[What to do]:
For each line below that contains the word "Trang", make a copy.
Data for this exercise section start
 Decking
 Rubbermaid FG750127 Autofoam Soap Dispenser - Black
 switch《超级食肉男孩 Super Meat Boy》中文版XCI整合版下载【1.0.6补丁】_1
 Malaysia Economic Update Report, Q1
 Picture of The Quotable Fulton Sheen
Data for this exercise section end
Data for this exercise section start
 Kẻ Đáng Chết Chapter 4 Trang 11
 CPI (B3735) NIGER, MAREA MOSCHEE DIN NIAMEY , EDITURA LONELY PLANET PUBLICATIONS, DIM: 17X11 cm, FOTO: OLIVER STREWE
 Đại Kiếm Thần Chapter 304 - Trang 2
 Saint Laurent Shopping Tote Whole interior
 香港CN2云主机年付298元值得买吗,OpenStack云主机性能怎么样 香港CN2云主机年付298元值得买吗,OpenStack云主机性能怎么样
Data for this exercise section end
[Answer below]:
 Kẻ Đáng Chết Chapter 4 Trang 11
 Đại Kiếm Thần Chapter 304 - Trang 2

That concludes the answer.